TASK DIRECTIONS: As the answer, give exactly the lines of the records below from the one with "Love Friendship Ring" through the one with "散人玩家必看，沉默传奇高爆服开服表攻略，3步找到你的福利服", ends included and pictures left out.

SUPPLIED RECORDS:
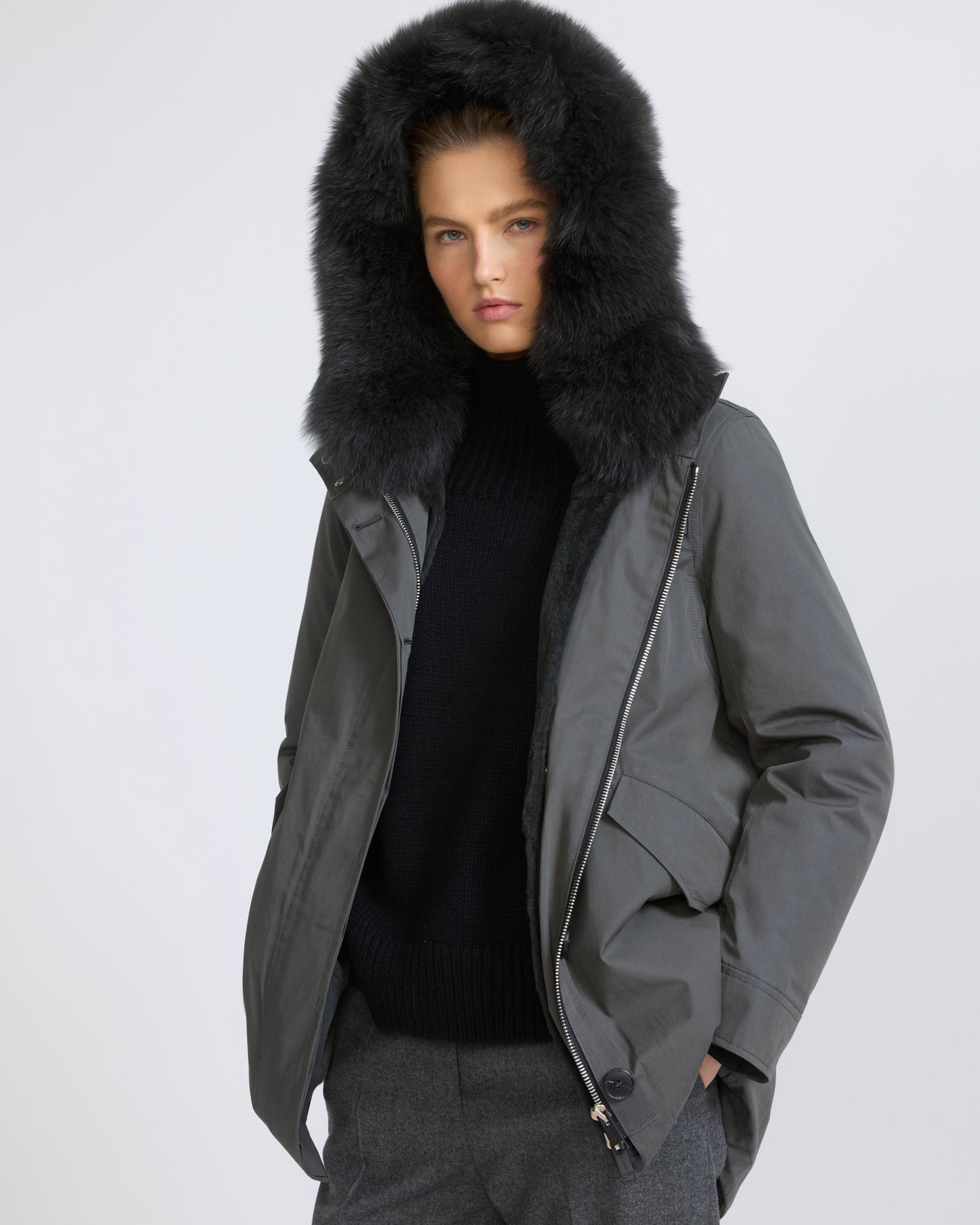 Short Iconic parka in waterproof cotton blend with fox and rabbit fur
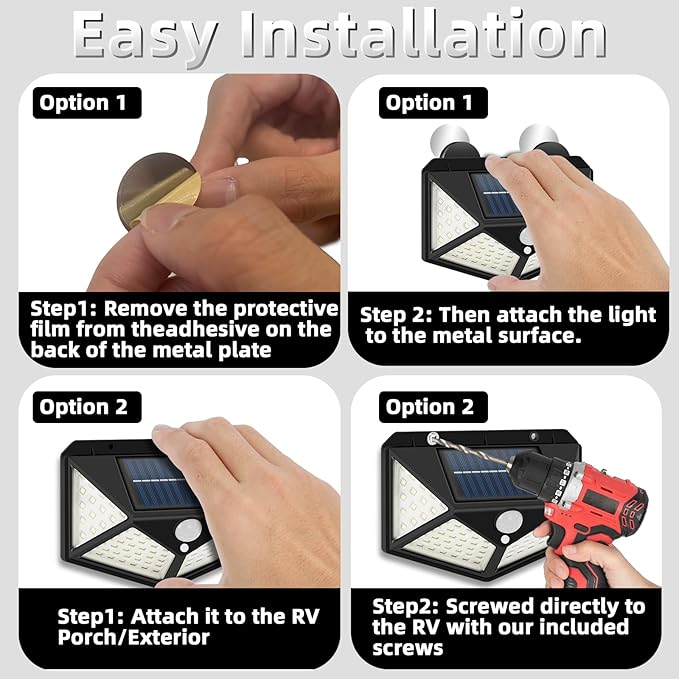 Solar RV Lights, RV Exterior Lights, RV Outdoor Lights Magnetic Motion Sensor Lights Waterproof for RV, Camper, Caravan, Trailer (2 Pack)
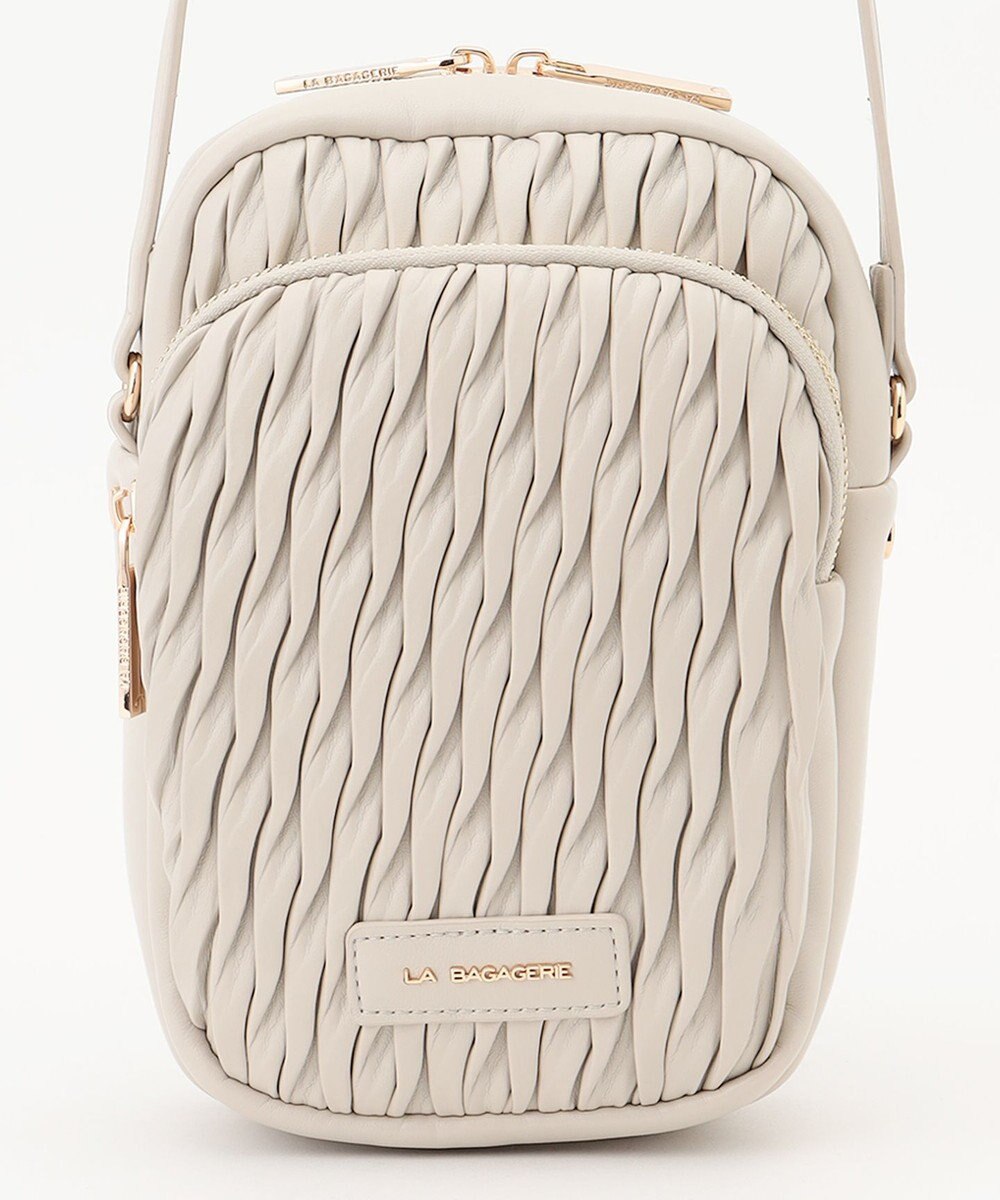 LA BAGAGERIE ランダムプリーツショルダーバッグ タテ 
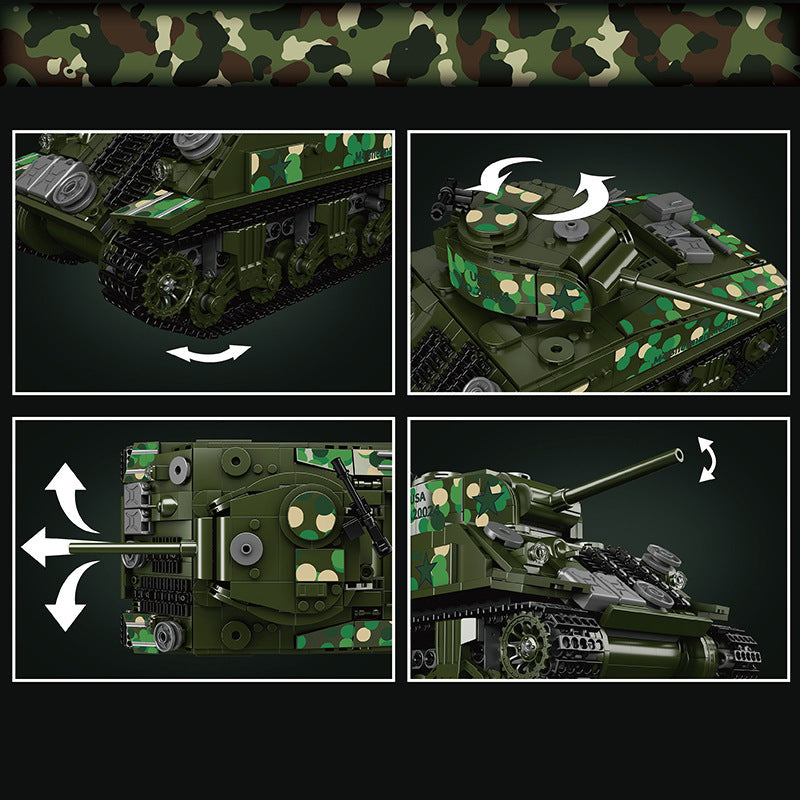 sherman m4 tank remote control building set - mouldking 20024 - 4
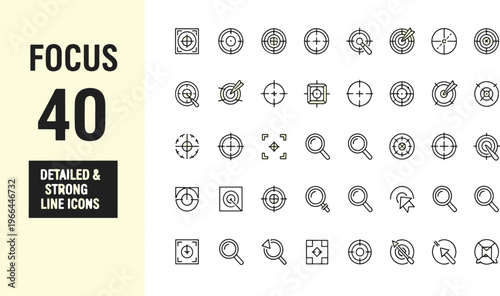 40 detailed strong line icons set for focus and productivity concepts in flat design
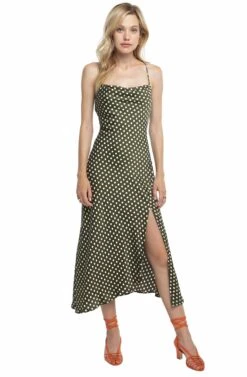Cowl Strappy Dress -Chic Ladies Wear Shop ACDR100133 GREEN DOT 01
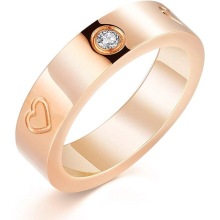 Love Friendship Ring 18K Gold Silver Rose Plated Cubic Zirconia Stainless Steel Promise Ring Wedding Band Jewelry Birthday Gifts for Women(rose-10)
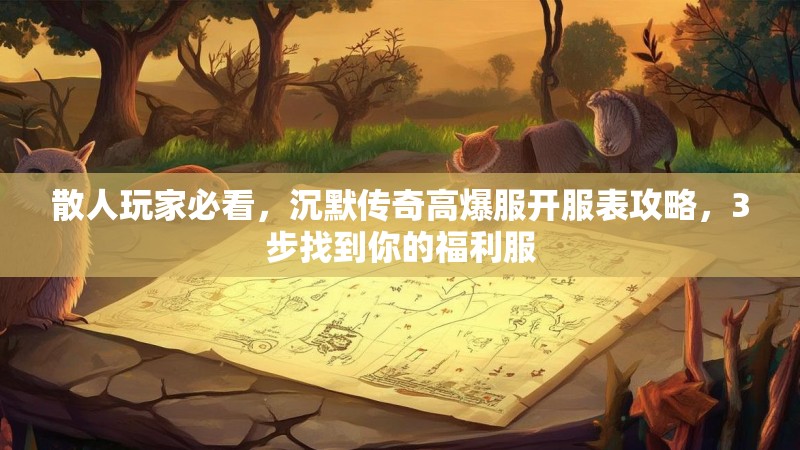 散人玩家必看，沉默传奇高爆服开服表攻略，3步找到你的福利服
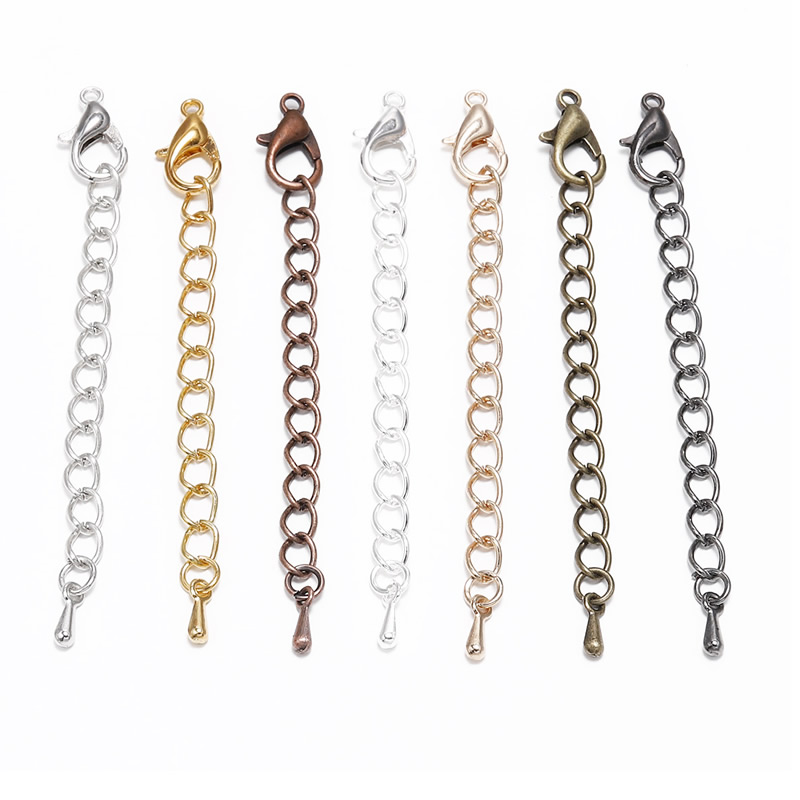 10 unids/lote de conector de cierres de langosta de cadena de cola de extensión extendida de Metal Multicolor para hacer joyería DIY, collar de pulsera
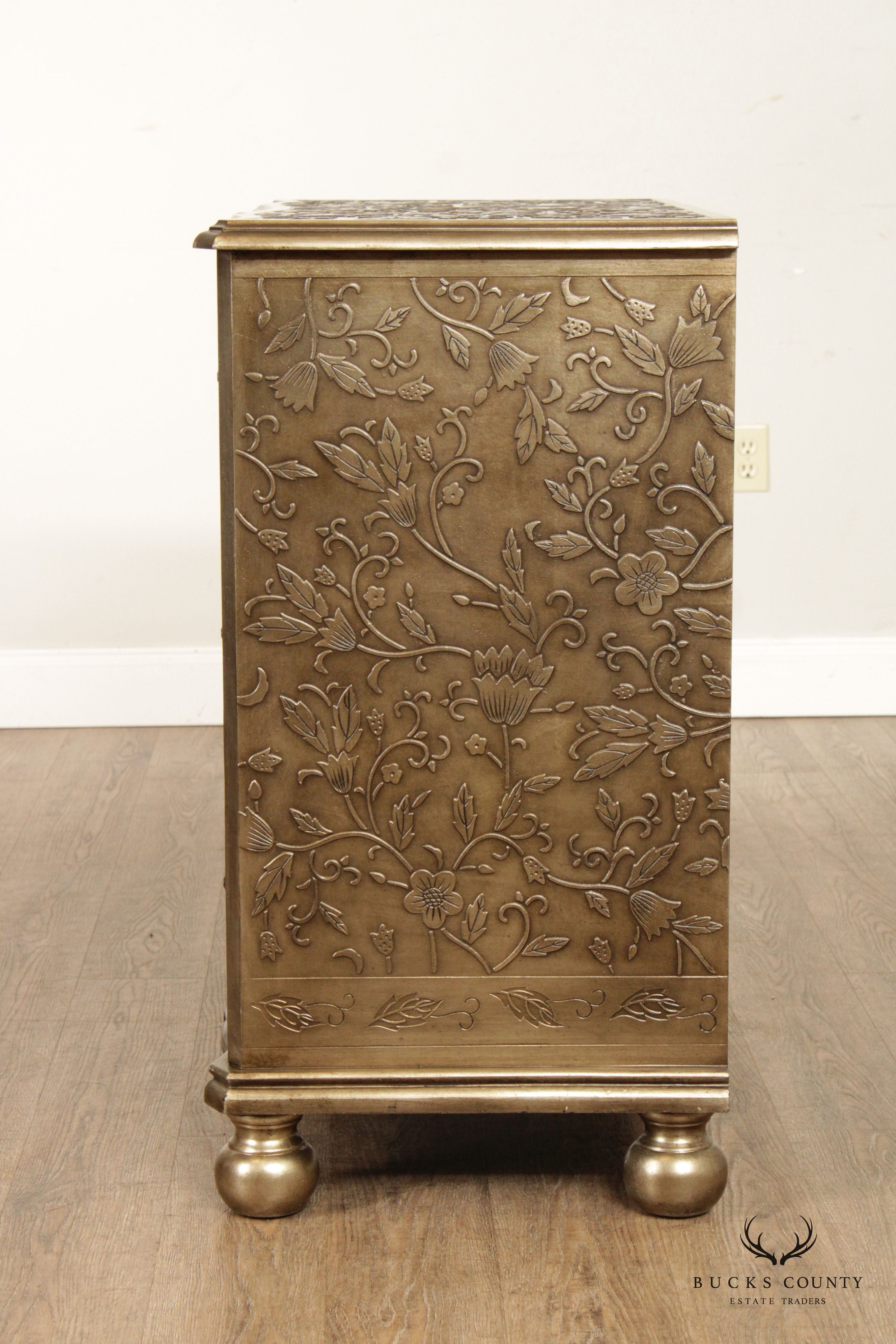 Silver Finished Embossed Chest of Drawers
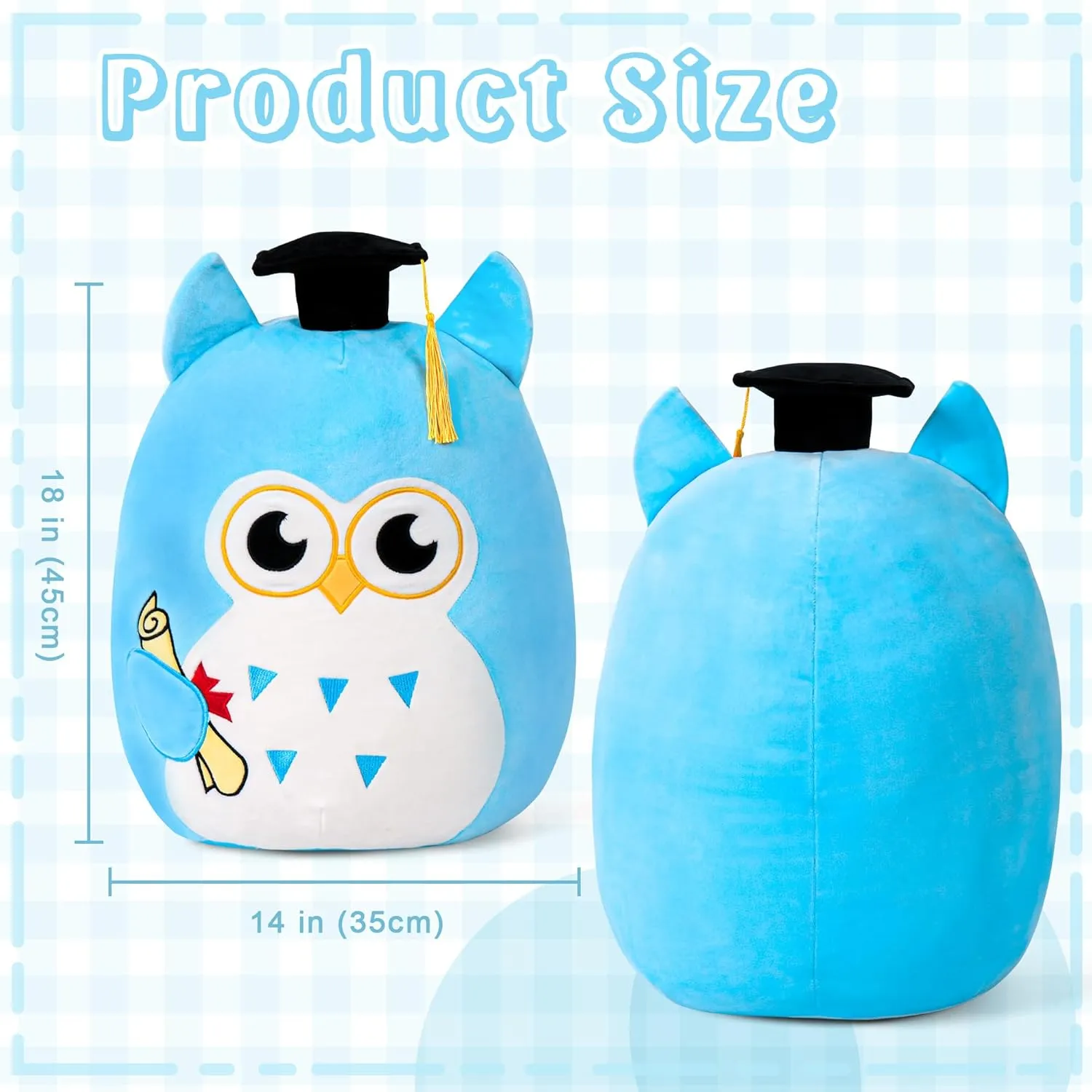 Graduation Plush, Soft Owl Stuffed Animals with Blue Body and Ears, Black Graduation Cap, Fringe and Diploma, Cute Pillow Toys Graduation Gift Plush Stuffed Animal Party Decoration(Blue)
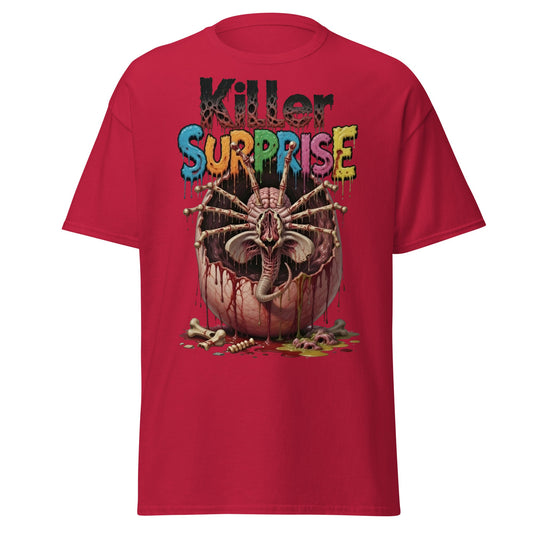 Killer Surprise Alien Horror T-Shirt | Gory Sci - Fi Tee - Cardinal - T-Shirts Online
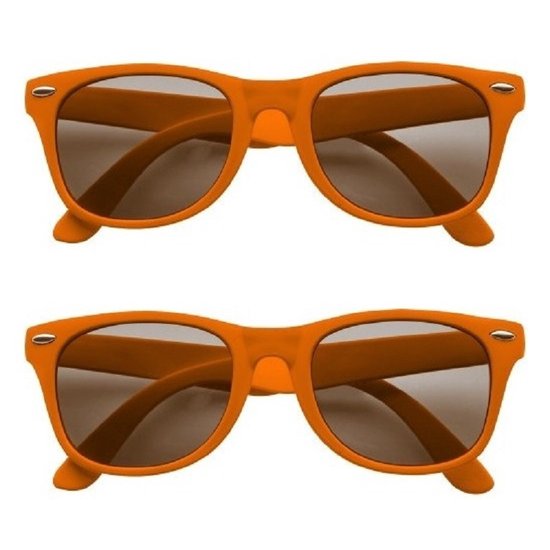 Set van 2x stuks zonnebrillen oranje - UV400 bescherming - Dames/heren - Oranje feestartikelen van Folat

ANSWER SECTION:
 Love Friendship Ring 18K Gold Silver Rose Plated Cubic Zirconia Stainless Steel Promise Ring Wedding Band Jewelry Birthday Gifts for Women(rose-10)
 散人玩家必看，沉默传奇高爆服开服表攻略，3步找到你的福利服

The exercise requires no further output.